In Masaya police station he made a full and difficult report to the police with the help of a few local people who could speak some English but realism indicated that the perpetrators would not be caught for this crime because Steve recognized, again either realistically or excusingly, that the police just do not have the “resources”.
While Steve was busy on the internet trying to recover his financial situation I became immersed in a conversation with the hostel management who had been contacted by the police earlier in the afternoon to alert the staff to the fact that the villains probably had Steve’s room key although there was no indication on the key as to which establishment in Granada it was. The conversation with the management put the blame immediately and exclusively on a band from Tipitapa.
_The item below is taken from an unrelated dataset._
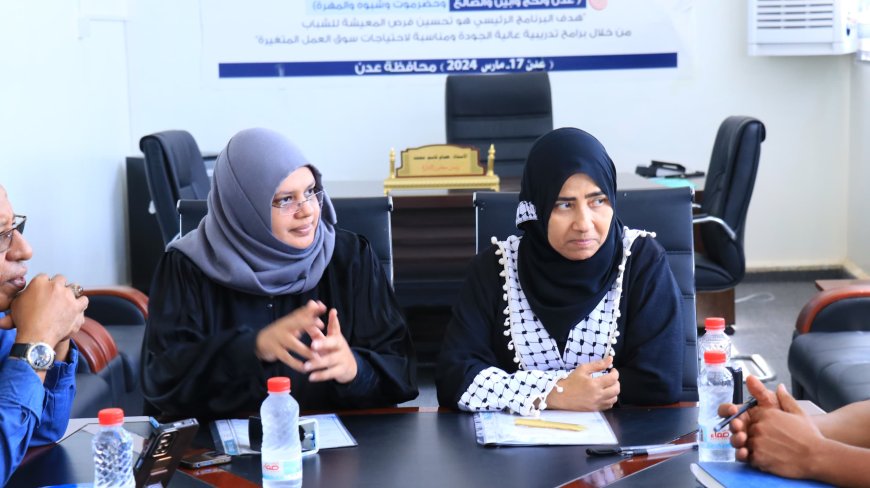 صندوق تنمية المهارات وهيئة المرأة والطفل بالمجلس الانتقالي الجنوبي يوقعان مذكرة تفاهم لتعزيز تمكين المرأة وتنمية القدرات بالعاصمة عدن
According to them this was a town near the capital Managua where there is a very high percentage of delinquents and malcontents. According to them this group came from there without any shadow of a doubt whatsoever.
What can one learn? With varying degrees of importance: don’t stop anywhere near Tipitapa, be very careful when you get into an unknown vehicle, don’t trust single women with cell phones who get off the bus in out of the way places with you, and proven -yet again unfortunately- there are just too many people in our world who want more than they have and will stop at nothing to get it.
Steve, to his excellent credit, recovered quickly and fully and continued happily with his travels after several laborious hours in communication with various financial institutions in the USA and the American Embassy, the latter making the customary almost entirely unhelpful token offer of a list of telephone numbers of “reliable” taxi services in Managua should he want to head back that way again.

Goodbye Masaya and Tipitapa as Steve takes the safer travel option.